High levels of nitrates prompted the Loves to advise residents of the subdivision to use bottled water for drinking and cooking.
“We are working on a nitrate filtration system for our water well and hoping that Jeremy (Simmons, Rio Blanco County) can look into a source (of the problem),” Ginny Love said. “We are hoping that the county will step in and assist in locating (the source of the nitrate problem), as it is not just our well. Ours seems to stay about the same (level), but it is still spiked. The source is still unknown at this time; we’re just trying to narrow it down.”
• • • • •
Whenever someone starts out a conversation with, “I saw you had a muff on the front page of the paper,” it makes me queasy.

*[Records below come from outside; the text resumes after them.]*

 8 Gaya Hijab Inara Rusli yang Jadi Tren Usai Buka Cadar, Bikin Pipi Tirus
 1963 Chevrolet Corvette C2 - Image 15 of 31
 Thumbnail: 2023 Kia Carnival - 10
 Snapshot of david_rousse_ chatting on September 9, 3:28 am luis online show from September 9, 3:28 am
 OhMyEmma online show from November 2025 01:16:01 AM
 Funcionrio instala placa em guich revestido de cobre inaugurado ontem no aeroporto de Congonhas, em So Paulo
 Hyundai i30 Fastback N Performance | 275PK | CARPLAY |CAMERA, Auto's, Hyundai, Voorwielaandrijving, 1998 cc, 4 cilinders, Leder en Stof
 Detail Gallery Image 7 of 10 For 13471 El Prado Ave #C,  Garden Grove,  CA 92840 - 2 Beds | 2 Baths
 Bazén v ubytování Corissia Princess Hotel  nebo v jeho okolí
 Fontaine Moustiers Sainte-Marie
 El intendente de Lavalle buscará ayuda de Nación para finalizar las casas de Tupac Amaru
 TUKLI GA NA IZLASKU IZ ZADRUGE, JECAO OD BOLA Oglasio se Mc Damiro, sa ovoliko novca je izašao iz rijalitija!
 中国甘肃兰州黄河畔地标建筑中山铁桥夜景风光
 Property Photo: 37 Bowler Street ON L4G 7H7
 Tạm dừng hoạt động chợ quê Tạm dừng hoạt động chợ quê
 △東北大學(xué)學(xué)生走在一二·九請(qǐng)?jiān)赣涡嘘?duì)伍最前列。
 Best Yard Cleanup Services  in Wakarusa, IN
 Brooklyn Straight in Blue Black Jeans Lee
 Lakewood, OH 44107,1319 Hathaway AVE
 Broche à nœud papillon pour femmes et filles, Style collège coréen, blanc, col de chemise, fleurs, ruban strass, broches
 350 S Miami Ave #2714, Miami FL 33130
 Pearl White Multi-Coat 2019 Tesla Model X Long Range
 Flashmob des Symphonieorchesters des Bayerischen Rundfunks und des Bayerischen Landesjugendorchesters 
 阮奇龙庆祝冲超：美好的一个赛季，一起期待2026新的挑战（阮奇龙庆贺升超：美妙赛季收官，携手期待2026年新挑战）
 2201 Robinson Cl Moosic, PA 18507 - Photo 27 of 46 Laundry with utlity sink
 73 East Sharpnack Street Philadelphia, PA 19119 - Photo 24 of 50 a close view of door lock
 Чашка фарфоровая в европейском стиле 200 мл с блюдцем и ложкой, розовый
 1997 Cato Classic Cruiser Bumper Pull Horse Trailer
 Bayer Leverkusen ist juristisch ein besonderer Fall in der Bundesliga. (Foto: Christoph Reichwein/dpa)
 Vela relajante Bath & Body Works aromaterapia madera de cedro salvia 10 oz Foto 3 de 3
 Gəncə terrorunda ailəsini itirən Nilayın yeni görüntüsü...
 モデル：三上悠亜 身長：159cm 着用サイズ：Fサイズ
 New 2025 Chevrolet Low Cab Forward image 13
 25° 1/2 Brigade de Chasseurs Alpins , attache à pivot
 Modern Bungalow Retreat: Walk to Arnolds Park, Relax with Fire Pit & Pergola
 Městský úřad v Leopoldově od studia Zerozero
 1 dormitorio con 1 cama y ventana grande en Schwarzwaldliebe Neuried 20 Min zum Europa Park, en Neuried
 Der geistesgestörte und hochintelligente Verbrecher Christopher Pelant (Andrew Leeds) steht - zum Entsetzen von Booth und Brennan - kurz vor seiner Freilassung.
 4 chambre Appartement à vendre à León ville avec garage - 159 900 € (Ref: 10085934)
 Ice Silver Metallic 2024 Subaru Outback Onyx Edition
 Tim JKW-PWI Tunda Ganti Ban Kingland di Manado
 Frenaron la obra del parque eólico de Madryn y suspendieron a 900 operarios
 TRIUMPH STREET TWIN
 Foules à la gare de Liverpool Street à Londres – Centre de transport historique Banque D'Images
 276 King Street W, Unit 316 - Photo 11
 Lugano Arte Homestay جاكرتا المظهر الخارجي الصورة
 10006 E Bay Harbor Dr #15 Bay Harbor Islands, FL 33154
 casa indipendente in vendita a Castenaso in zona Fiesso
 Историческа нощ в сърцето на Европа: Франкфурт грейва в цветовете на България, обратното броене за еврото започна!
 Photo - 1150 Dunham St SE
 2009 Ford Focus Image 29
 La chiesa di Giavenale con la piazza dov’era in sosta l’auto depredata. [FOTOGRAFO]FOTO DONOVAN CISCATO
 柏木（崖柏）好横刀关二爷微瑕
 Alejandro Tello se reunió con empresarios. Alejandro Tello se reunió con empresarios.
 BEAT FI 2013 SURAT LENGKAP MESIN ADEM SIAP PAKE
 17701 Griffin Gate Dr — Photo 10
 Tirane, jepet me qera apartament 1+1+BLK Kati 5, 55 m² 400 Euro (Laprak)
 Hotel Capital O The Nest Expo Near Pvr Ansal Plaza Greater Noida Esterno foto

Turns out I misidentified JoD Stults of Rangely as a sophomore, when he’s actually a freshman. Sorry, JoD.
• • • • •
Congratulations to Meeker’s Roni Bibb, who was judged the 2010 Mrs. Colorado International last Saturday at the state pageant in Montrose.
Roni will now advance to the national pageant in July in Chicago.
Way to go, Roni.
• • • • •
I walk most places — except when going between Meeker and Rangely, of course — and the other day, I had someone ask me, “Do you even own a car?”
I guess I must be getting a reputation.
• • • • •
One problem with walking so much is you can leave the keys to your house in your coat pocket back at the office — because the weather is so nice outside — when you walk home for lunch. So then you have to walk all the way back to the office to retrieve them. Not that I’ve ever done that, of course.

Jeff Burkhead is editor of the Herald Times. You may e-mail him at [email protected].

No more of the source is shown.